Start of Block

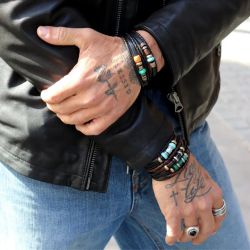 BB079X Pulsera PLATA DE PALO Samira con Plata 925, cuero y perlas de agua dulce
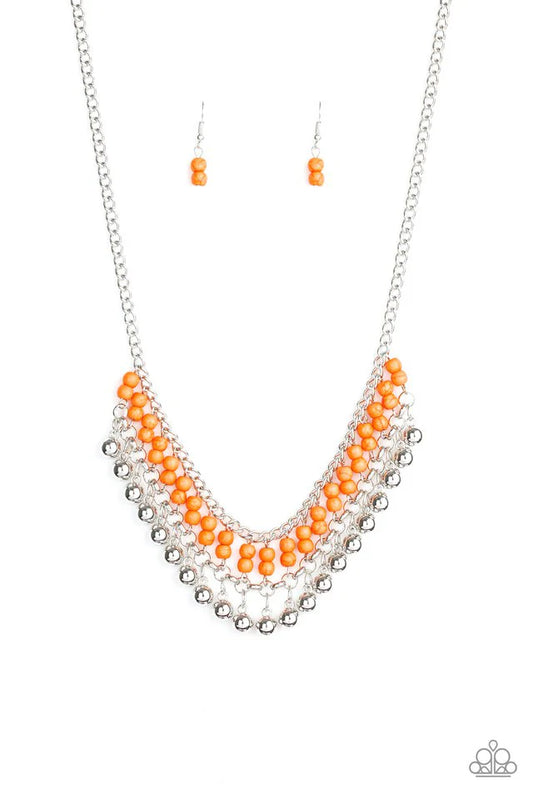 Paparazzi Necklaces - Beaded Bliss - Orange
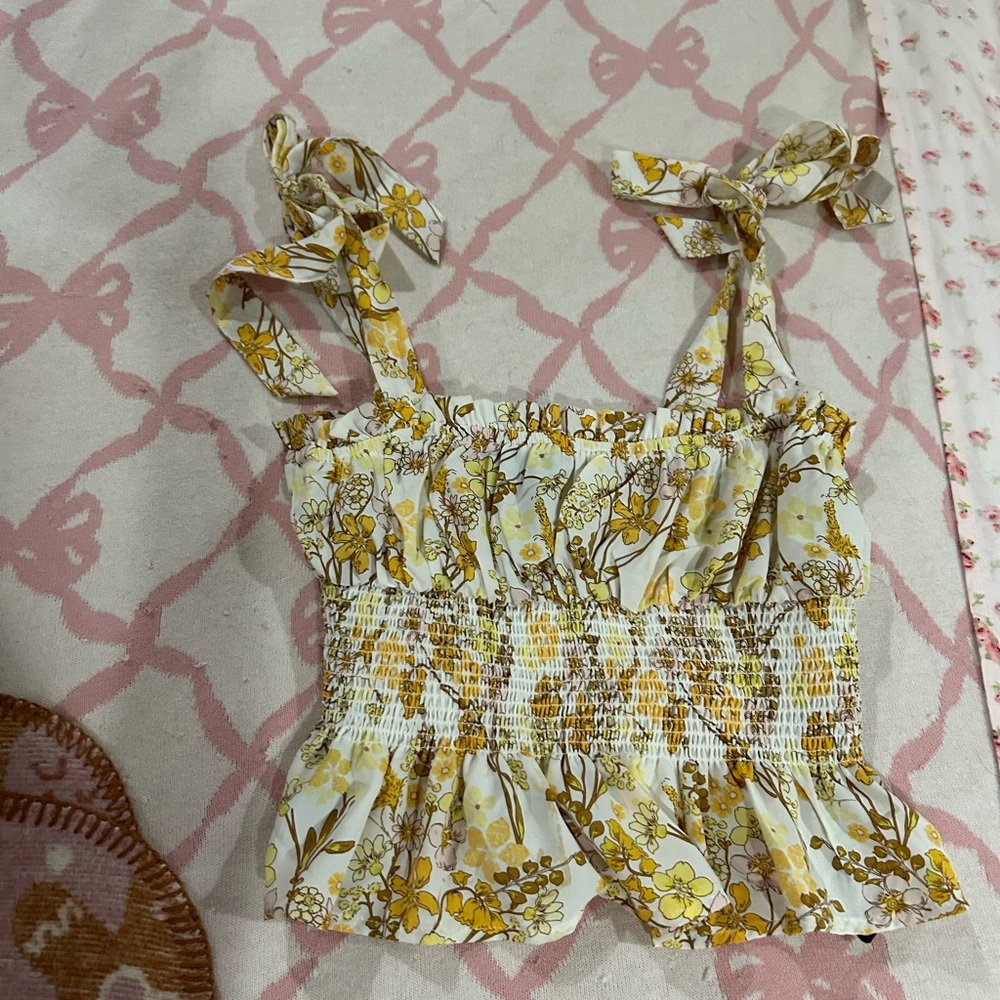 Forever 21 Yellow Floral Camisole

End of Block

■ **ASSIGNMENT**:
Lines from the one that holds "Paparazzi Necklaces - Beaded Bliss - Orange" through the final line of the material are to be duplicated exactly; no pictures belong in the copy.

■ **ANSWER SPACE**:
 Paparazzi Necklaces - Beaded Bliss - Orange
 Forever 21 Yellow Floral Camisole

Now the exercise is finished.